What are sensory and physical needs?
9.1 Definition. Sensory needs, which can be hearing loss and/or visual impairment or sensory processing difficulties and physical difficulties, can occur for a variety of reasons, e.g. congenital conditions (some progressive), injury or disease.
How do you communicate with sensory loss?
Turn your face towards the person and ensure your face is well-lit so your lip movements can be easily seen. Don’t shout or over-exaggerate words or lip movements. This can actually make it harder for the person to understand you. Speak clearly and slightly slower, but keep the natural rhythms of your speech.
What is a good strategy for communicating with a person who has a hearing loss?
Speak clearly, slowly, distinctly, but naturally, without shouting or exaggerating mouth movements. Shouting distorts the sound of speech and may make speech reading more difficult. Say the person’s name before beginning a conversation.
What factors impact on an individual with sensory loss?
A range of factors can impact individuals with sensory loss, such as blind or partly sighted individuals struggle to read peoples facial expressions, which are important for communication. Written communication can also be problematic for partly sighted individuals. Larger font may help overcome these issues.
What support services can help an individual communicate more effectively?
A number of additional key experts available to support individuals with their communication needs include speech and language therapists, interpreters, translators, and clinical psychologists or counsellors.
What are communication support services?
Communication support is provided by Communication Professionals (or Language Service Professionals) for hard of hearing, deaf, deafened, Deaf and deafblind people in situations such as a work meeting, job interview, GP consultation, courtroom etc.

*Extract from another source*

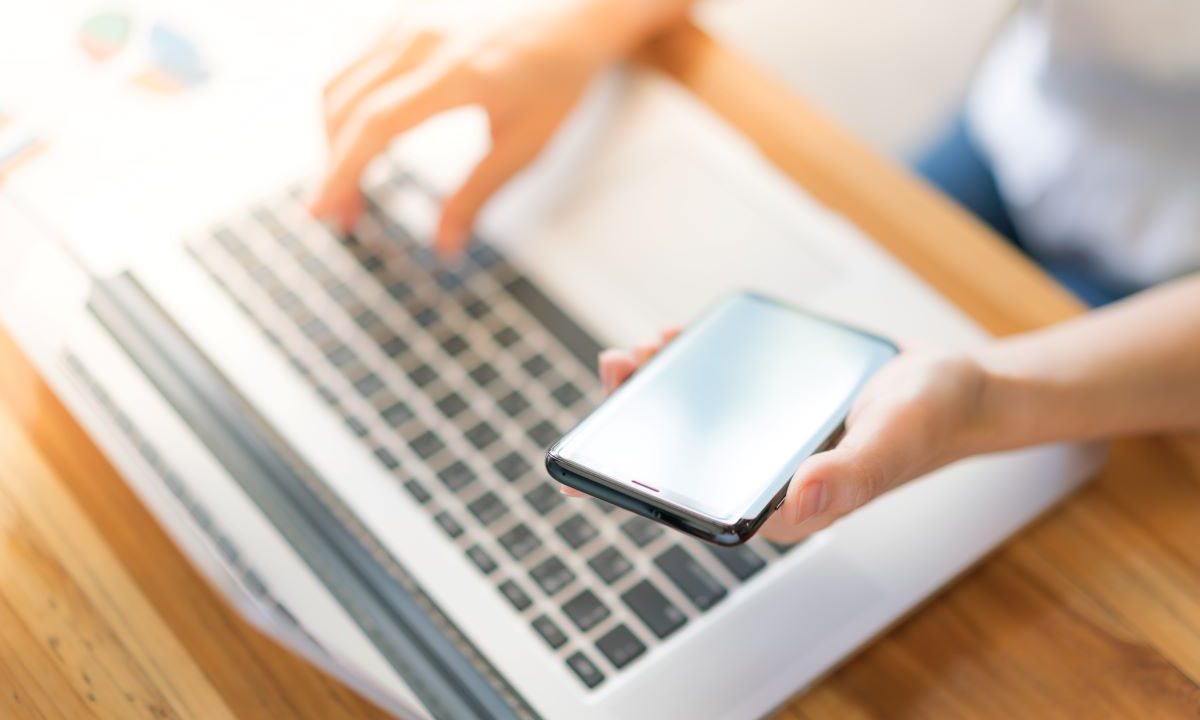 como controlar tu pc desde celular mano mujer negocios graficos financieros telefono movil sobre computadora portatil tabla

What can I do to help someone with sensory loss?
Visual impairment rehabilitation programmes. Mobility training to give a person with a sensory loss the confidence and skills to go out independently. A care needs assessment of social care need (where appropriate). Support to access benefits, welfare rights, debt and housing advice.
Are there national organisations for people with sensory disabilities?
National organisations for people with sensory disabilities. Visual impairment Royal National Institute of Blind People RNIB is the UK’s leading charity offering information, support and advice to over two million people with sight loss.
When to see a GP for sensory loss?
Early intervention and support can make a significant difference to the impact a sensory loss has on a person’s life. If you are experiencing sensory loss we strongly recommend you see your GP as soon as possible and contact the Sensory Service to discuss your needs.
What can sense do to help older people?
Sense has produced a resource for healthcare staff, It All Adds Up, to help them to identify and support patients with sensory impairments. Our Seeing Me booklet is a guide to sight and hearing loss designed for care professionals working with older people.